OMEGA
Lately, the luxury goods business seemed to have undergone a facelift and totally brushing aside the devastation of the great Depression faster than what many people had envisaged. Companies are tentatively hedging their bets on the prospect for any expansion deserving of consideration. However, leading brands continually reported incremental
rise in revenues and profit, not only eluding, but seemingly ridiculing, all the precursors of an unyielding and guarded market, including wavering consumer aplomb, increased reparatory rates, and sauntering ambiguity about the permanence and durability of the restoration.
In the past, consumers helped their country’s recession by seemingly squandering their way out of depressions. Today, even though consumers are still at the center of a global economy, but so far they have been unwilling (and are often unable) to spend their way back to good times. Perhaps it is partly due to the gradual replacement of credit-living with debit cards becoming more and more as a preferred option of spending than instant gratification. With increased far-sightedness and frugality, most consumers are abridging spending in anticipation of preceding pangs over real hardship.

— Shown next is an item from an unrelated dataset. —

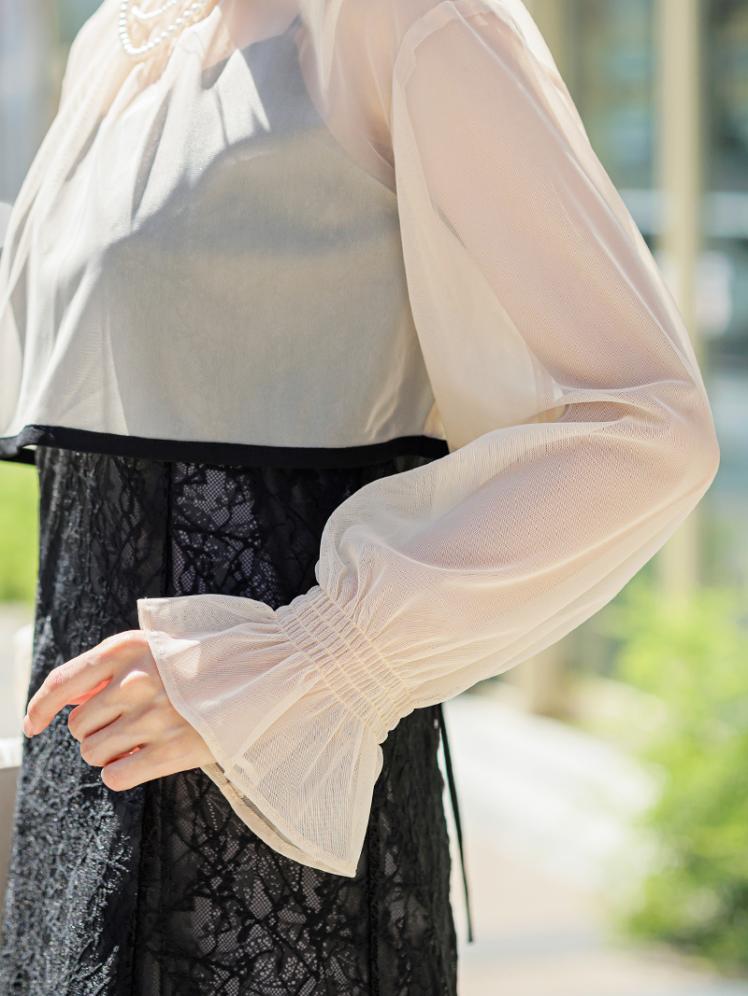 シアーボレロ付レースドレス(ブラック)AB1-426BL-L 12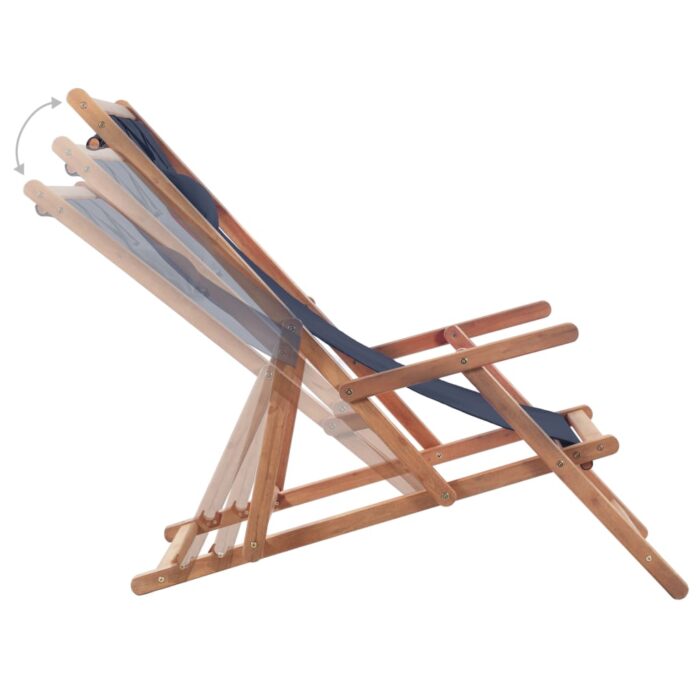 Chaise pliable de plage Tissu et cadre en bois Bleu – Image 4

But these signs of a revival do not herald a return to biz as usual. Beyond hindsight, the Great Recession was more than a necessary encumbrance-- in fact, it was the turning point for unfathomable transformations in spending behaviors and the dog-eat-dog mise en scène belligerently scowling to ravel the pizzazz of high-living. In this new world of opulence, being unique and pegged can be no difference from pagan symbols--and is no longer enough to make a brand flourish, and fewer amongst the lucid and highly discerning spenders are willing to just merrily partake of exorbitant prices as the mark of austerity with an increase in intellect and logic. They certainly require saner ratiocination to buy than whimsically running through every luxury boutique in town with debauched wanton abandonment; clamoring their ways up into cloud-nine.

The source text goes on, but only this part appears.